[EXERCISE DIRECTIONS] Return the lines of the material below exactly, beginning with the line that has "Used GAC Trumpchi" in it and finishing with the line that has "Phó Bí thư Thường" in it. Leave all pictures aside.

[WORKING DATA]
****

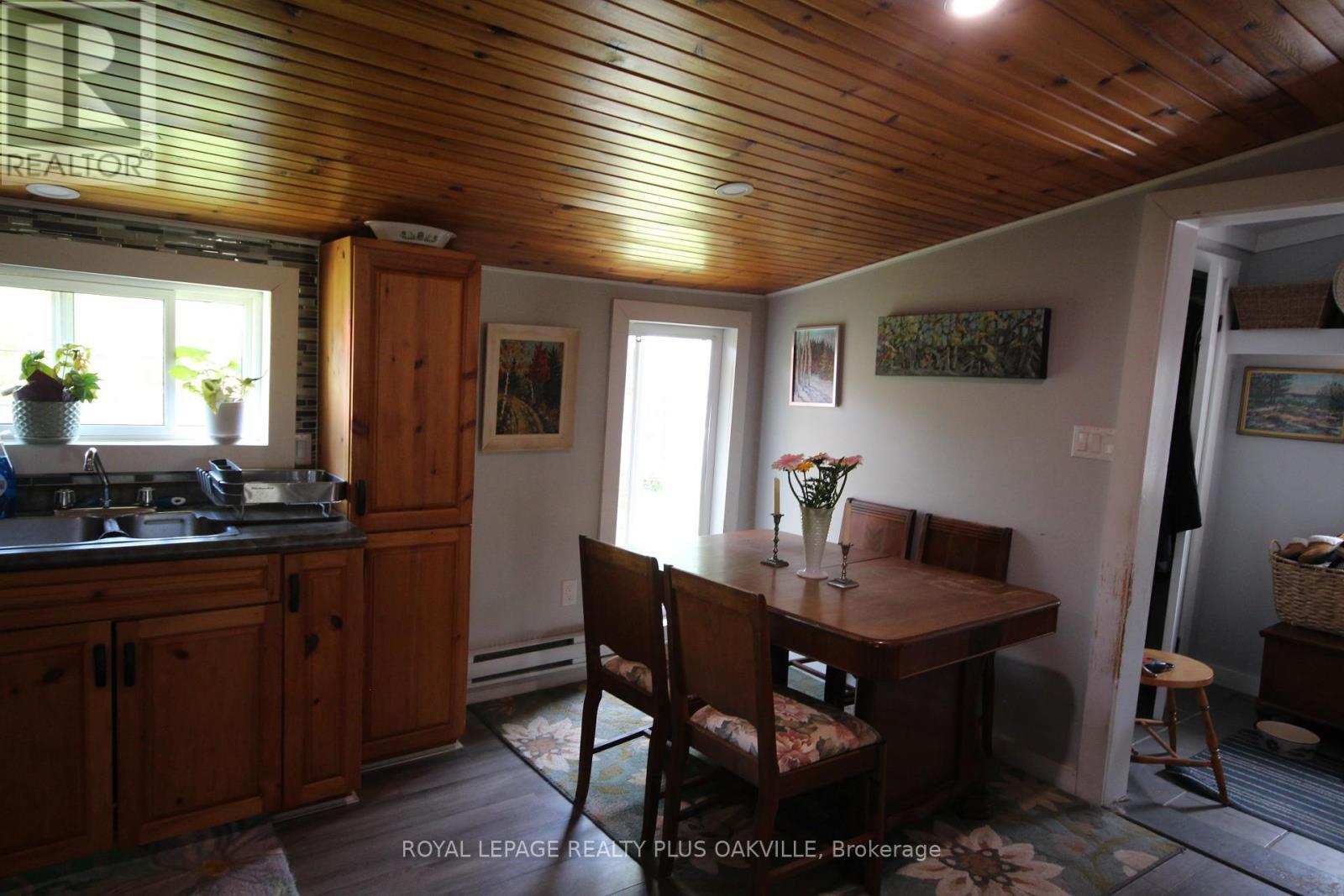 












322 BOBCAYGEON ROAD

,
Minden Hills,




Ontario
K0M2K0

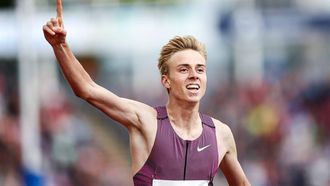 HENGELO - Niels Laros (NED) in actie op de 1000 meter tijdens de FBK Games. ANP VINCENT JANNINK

****

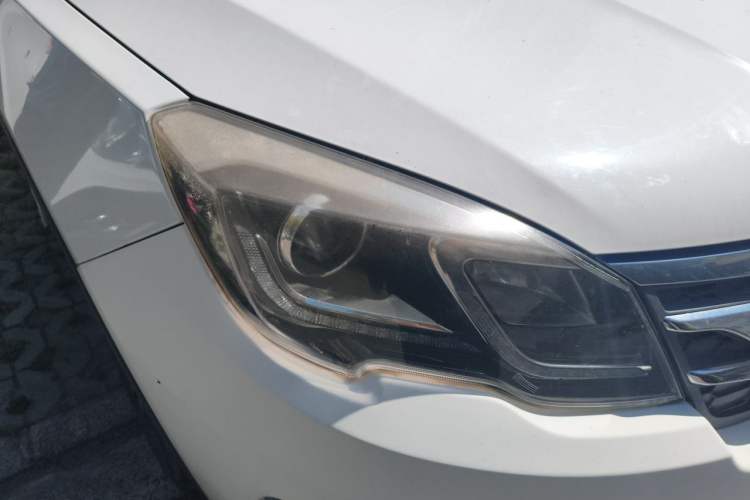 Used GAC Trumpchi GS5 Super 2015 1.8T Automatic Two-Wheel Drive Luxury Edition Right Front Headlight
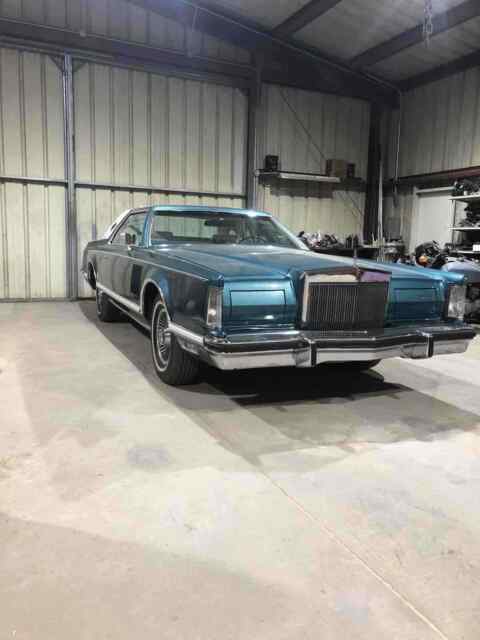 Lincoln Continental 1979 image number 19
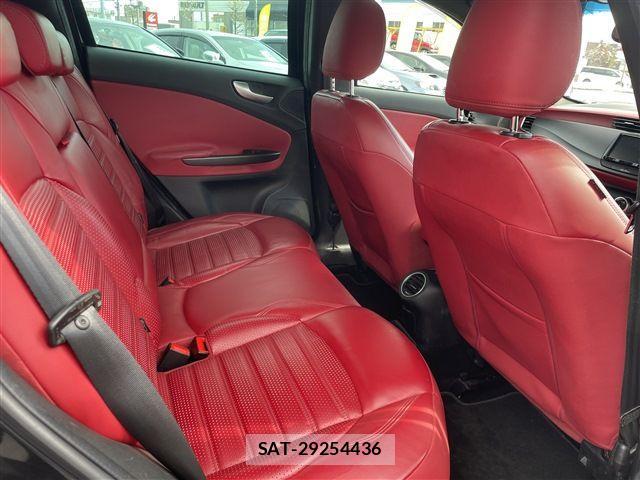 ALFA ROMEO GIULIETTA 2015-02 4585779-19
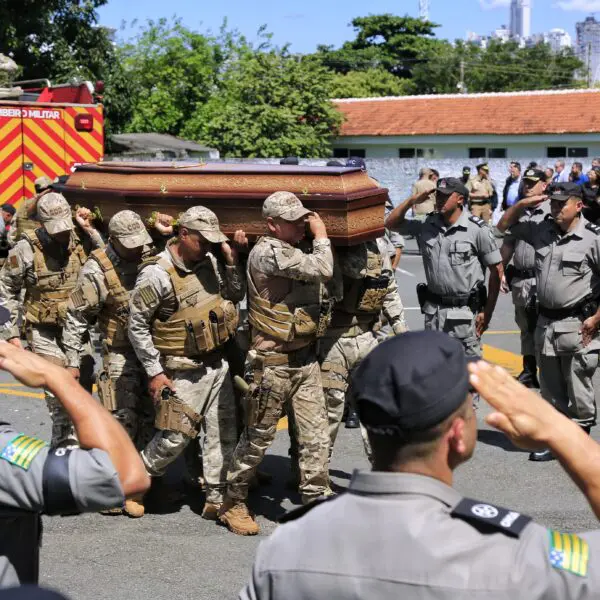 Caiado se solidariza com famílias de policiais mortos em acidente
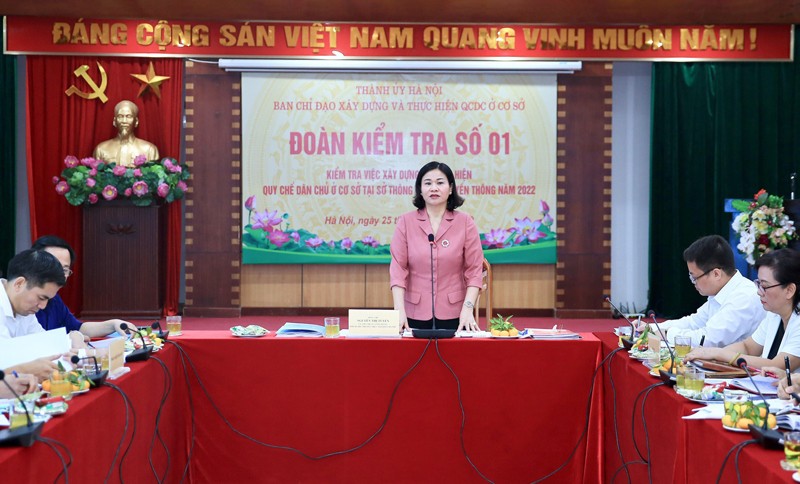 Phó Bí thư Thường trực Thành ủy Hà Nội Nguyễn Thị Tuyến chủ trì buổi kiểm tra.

****

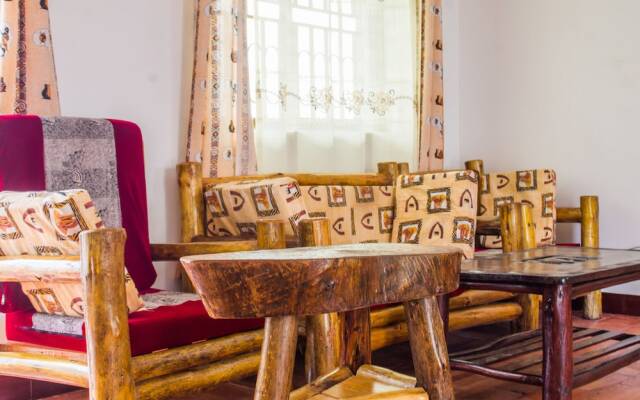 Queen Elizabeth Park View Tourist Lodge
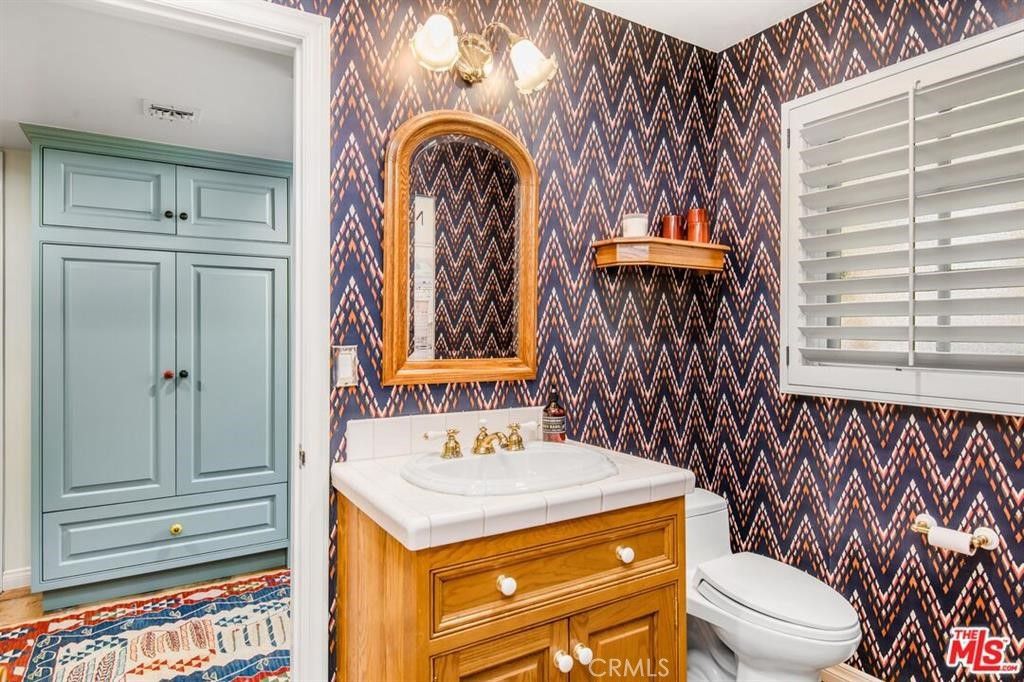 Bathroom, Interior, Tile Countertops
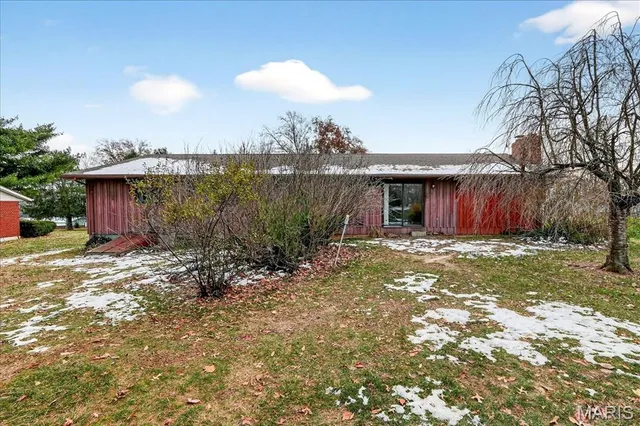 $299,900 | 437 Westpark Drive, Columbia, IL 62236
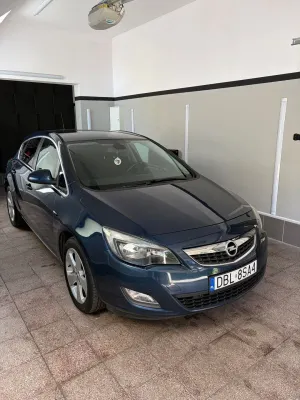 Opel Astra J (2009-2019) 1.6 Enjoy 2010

****

[RESPONSE FOR THIS EXERCISE]
 Used GAC Trumpchi GS5 Super 2015 1.8T Automatic Two-Wheel Drive Luxury Edition Right Front Headlight
 Lincoln Continental 1979 image number 19
 ALFA ROMEO GIULIETTA 2015-02 4585779-19
 Caiado se solidariza com famílias de policiais mortos em acidente
 Phó Bí thư Thường trực Thành ủy Hà Nội Nguyễn Thị Tuyến chủ trì buổi kiểm tra.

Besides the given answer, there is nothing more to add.